= Task details =
Transcribe the records exactly from the line with "Cat Welcomes Owner Home" to the end, both included.

(Short web captions)
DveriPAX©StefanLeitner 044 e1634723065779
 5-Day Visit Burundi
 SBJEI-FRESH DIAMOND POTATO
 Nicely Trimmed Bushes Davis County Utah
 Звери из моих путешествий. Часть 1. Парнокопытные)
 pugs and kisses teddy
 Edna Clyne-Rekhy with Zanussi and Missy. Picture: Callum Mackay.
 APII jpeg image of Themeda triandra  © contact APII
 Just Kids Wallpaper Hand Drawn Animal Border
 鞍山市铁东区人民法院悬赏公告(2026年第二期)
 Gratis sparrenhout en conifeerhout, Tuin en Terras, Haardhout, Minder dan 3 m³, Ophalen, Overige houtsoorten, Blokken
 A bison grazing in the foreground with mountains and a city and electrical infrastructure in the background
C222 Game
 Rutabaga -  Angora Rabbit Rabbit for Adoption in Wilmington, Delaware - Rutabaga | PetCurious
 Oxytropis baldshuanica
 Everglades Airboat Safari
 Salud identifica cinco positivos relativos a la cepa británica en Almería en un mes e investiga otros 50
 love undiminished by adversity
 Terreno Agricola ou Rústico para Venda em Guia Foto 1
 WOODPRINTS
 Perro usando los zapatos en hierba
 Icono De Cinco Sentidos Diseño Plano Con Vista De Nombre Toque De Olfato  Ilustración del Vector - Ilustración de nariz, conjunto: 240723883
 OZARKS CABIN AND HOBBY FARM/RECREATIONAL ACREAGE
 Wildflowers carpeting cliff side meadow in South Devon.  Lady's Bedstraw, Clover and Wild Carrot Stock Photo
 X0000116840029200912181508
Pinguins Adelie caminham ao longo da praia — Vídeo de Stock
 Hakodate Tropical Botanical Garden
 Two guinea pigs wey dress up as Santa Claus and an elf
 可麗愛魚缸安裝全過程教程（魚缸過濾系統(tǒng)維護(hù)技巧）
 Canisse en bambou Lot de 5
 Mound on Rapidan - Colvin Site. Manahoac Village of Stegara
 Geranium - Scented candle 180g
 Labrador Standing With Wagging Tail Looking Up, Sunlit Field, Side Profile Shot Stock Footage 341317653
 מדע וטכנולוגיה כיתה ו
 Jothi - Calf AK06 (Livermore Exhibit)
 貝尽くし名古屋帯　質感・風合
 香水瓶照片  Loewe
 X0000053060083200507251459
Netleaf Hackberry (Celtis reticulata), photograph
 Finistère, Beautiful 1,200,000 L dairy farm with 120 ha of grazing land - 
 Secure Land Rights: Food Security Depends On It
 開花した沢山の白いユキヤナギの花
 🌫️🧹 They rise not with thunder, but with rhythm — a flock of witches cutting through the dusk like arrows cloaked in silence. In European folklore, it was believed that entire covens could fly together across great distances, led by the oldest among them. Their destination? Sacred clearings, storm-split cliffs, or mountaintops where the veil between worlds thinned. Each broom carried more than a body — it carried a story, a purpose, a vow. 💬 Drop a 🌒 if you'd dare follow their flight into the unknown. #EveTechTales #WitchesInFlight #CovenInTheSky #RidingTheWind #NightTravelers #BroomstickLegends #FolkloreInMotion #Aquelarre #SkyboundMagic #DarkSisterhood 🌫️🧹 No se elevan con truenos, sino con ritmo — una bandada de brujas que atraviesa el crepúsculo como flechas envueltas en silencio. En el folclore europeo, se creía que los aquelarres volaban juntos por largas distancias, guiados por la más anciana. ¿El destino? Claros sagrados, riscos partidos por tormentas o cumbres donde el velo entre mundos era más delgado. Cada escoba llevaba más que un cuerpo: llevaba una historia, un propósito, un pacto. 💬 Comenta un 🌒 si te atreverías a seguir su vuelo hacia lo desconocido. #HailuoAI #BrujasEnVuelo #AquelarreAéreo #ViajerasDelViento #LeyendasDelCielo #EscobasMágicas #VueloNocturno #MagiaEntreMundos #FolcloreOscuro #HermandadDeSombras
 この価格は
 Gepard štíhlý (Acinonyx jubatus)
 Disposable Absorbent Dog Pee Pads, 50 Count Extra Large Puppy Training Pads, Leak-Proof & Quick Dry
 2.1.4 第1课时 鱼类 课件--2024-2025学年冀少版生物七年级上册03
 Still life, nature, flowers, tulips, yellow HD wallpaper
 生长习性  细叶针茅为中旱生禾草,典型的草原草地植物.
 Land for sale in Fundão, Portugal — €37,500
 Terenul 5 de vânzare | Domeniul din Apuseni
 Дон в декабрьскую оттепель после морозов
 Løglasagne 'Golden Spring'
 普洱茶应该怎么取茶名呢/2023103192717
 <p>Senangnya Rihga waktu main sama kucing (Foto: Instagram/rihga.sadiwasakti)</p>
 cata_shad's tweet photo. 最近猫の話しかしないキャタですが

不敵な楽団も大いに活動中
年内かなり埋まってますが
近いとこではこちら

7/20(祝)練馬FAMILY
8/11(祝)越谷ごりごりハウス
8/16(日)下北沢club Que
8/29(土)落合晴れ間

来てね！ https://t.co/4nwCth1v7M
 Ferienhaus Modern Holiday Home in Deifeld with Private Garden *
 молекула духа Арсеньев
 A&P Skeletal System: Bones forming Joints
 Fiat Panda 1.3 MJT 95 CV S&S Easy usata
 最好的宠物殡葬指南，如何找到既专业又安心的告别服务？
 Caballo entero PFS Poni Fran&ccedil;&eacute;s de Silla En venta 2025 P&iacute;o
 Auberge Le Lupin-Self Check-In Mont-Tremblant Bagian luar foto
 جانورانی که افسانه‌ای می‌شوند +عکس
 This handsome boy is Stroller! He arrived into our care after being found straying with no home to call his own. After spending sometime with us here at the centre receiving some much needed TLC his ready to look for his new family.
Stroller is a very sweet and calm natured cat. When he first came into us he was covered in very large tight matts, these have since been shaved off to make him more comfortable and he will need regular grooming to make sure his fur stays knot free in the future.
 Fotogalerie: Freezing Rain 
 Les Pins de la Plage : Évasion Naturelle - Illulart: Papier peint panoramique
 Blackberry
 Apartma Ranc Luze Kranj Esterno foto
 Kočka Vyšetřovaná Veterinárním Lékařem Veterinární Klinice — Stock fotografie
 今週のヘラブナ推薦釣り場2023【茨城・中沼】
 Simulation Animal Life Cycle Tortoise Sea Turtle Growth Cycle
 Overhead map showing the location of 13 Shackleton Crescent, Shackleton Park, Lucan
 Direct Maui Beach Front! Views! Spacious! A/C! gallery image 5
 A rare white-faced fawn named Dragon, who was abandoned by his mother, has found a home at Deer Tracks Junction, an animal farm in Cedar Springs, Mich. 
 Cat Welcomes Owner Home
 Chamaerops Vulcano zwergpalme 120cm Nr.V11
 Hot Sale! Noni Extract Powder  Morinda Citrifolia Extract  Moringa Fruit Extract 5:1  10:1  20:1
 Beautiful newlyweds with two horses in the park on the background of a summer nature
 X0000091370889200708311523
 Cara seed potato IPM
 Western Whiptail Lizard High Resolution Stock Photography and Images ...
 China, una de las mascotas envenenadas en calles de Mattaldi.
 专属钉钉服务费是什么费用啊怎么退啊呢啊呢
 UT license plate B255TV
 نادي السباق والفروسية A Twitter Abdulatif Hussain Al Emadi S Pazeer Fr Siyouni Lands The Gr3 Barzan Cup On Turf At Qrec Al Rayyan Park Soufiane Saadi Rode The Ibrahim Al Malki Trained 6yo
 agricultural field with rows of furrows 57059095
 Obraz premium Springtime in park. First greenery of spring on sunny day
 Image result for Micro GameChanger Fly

= Answer for the task =
 Cat Welcomes Owner Home
 Chamaerops Vulcano zwergpalme 120cm Nr.V11
 Hot Sale! Noni Extract Powder  Morinda Citrifolia Extract  Moringa Fruit Extract 5:1  10:1  20:1
 Beautiful newlyweds with two horses in the park on the background of a summer nature
 X0000091370889200708311523
 Cara seed potato IPM
 Western Whiptail Lizard High Resolution Stock Photography and Images ...
 China, una de las mascotas envenenadas en calles de Mattaldi.
 专属钉钉服务费是什么费用啊怎么退啊呢啊呢
 UT license plate B255TV
 نادي السباق والفروسية A Twitter Abdulatif Hussain Al Emadi S Pazeer Fr Siyouni Lands The Gr3 Barzan Cup On Turf At Qrec Al Rayyan Park Soufiane Saadi Rode The Ibrahim Al Malki Trained 6yo
 agricultural field with rows of furrows 57059095
 Obraz premium Springtime in park. First greenery of spring on sunny day
 Image result for Micro GameChanger Fly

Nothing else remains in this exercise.